If there’s a failing to the series, it's not pointedly questioning Eddafali about his insinuations that an anti-Muslim bias was at play here, given that when it comes to key strategic investigative decisions—most notably, whether or not to release photos of Tamerlan and Dzhokhar to the public—Russ takes a rewarding journalistic tack by asking Davis, Ortiz and DesLauriers about their differing outlooks on important maneuvers, as well as if, in hindsight, they’d do things differently.
For the most part, however, American Manhunt is a thorough hour-by-hour chronicle of the attack and the all-hands-on-deck response to it by local and federal agencies.

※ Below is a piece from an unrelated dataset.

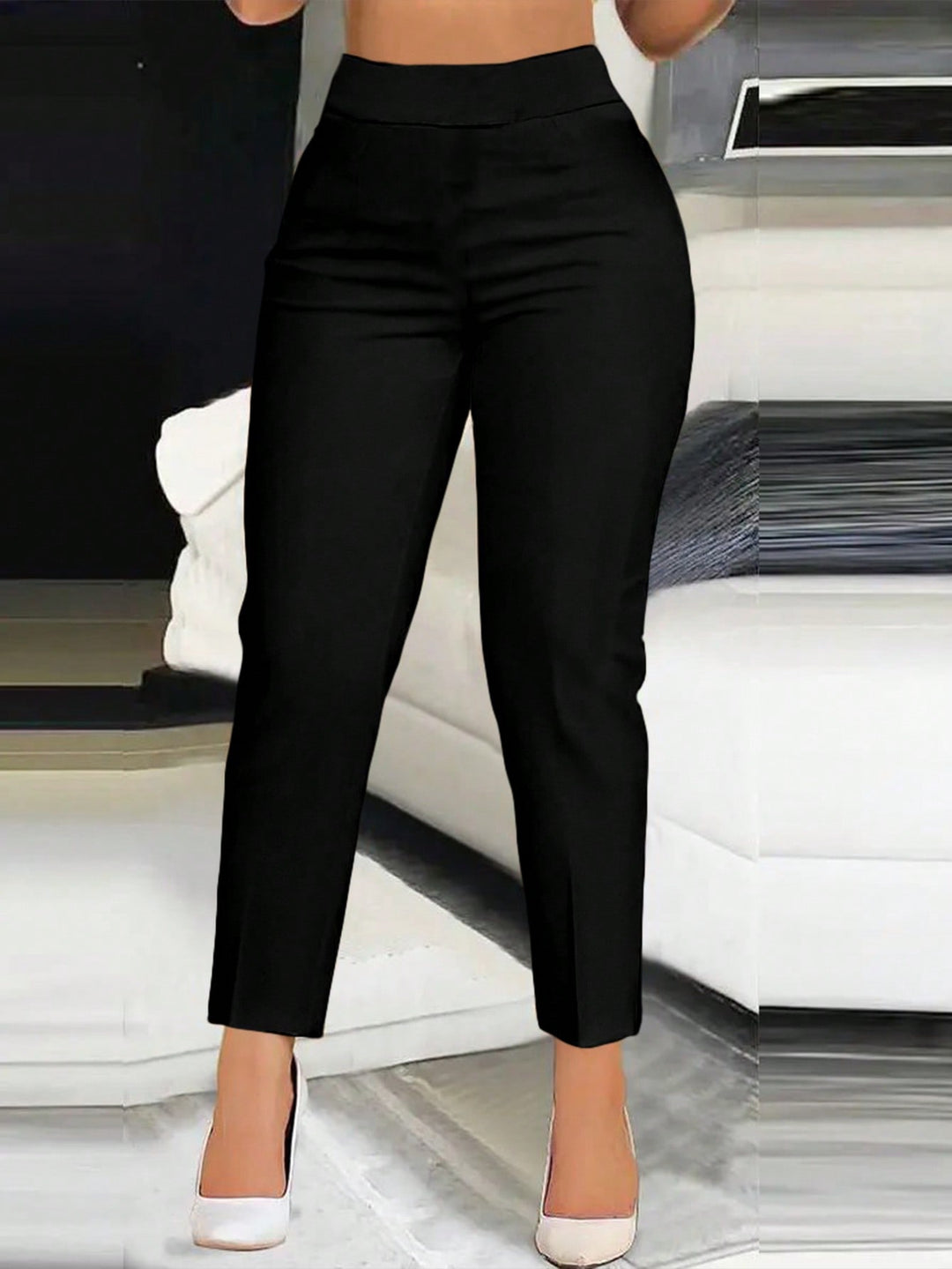 Pantaloni SHEIN, negru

Russ balances on-the-ground testimonials with a wealth of available video and audio footage of these events, some of which proved central to cracking the case. Culling together thousands of hours of recovered clips (and untold still snapshots) from cell phones and security cameras resulted in the initial evidence that identified Tamerlan and Dzhokhar. Once the culprits’ faces were broadcast on TV and splashed across newspapers, the killers resorted to ever-more-extreme measures, first murdering MIT campus police officer Sean Collier in an attempt to steal his gun, and then holding Meng hostage in order to use his ATM card to acquire cash and his brand-new Mercedes as a getaway car.
American Manhunt boasts a clarity and urgency that keeps tension high, peaking with the Watertown firefight between MacLellan, Pugliese and their fellow officers against Tamerlan and Dzhokhar, who threw firebombs at their adversaries. The proceedings’ first-hand reports convey the intense madness and horror of this entire affair. Director Russ complements that action-oriented immediacy by also addressing the immigrant brothers’ backstory as a means of figuring out what compelled them to choose their monstrous path.
While no great revelations are forthcoming about the “why” of it all, the docuseries recounts how Tamerlan’s fizzled-out boxing career and trip to Dagestan may have spurred his radicalization, and then driven him to coerce his brother Dzhokhar—a popular kid whom everyone says wasn’t an ideologue—into partnering on the bombing.
Tamerlan’s role in a prior September 11, 2011 drug-related triple homicide (in which his best friend Brendan Mess was slain) is raised as a perplexing secondary element of this calamity, albeit in far more cursory fashion than in Hulu’s 2022 eye-opener The Murders Before the Marathon.
American Manhunt isn’t interested in surprises, or even in positing novel theories. In the end, Tamerlan and Dzhokhar were simply angry young zealots who blamed their shortcomings and dissatisfaction on America and global Jewish conspiracies, and viewed violence as a holy vehicle for channeling that fury and misery. Instead, the series is merely content to be a complete multiple-POV overview for those who know little about the incident.
As such, American Manhunt’s main calling card is its lucid and engaging storytelling—even its dramatic recreations, in which Tamerlan and Dzhokhar are depicted with fuzzed-out faces in order to avoid glorification and maximize creepiness, are rare and well-executed—as well as its focus on the diverse array of human experiences that together make up its tale. Those narratives are a testament to the courage and selflessness demonstrated by everyone involved in this nightmare, and serve as a reminder that, often, the worst situations bring out the best in people.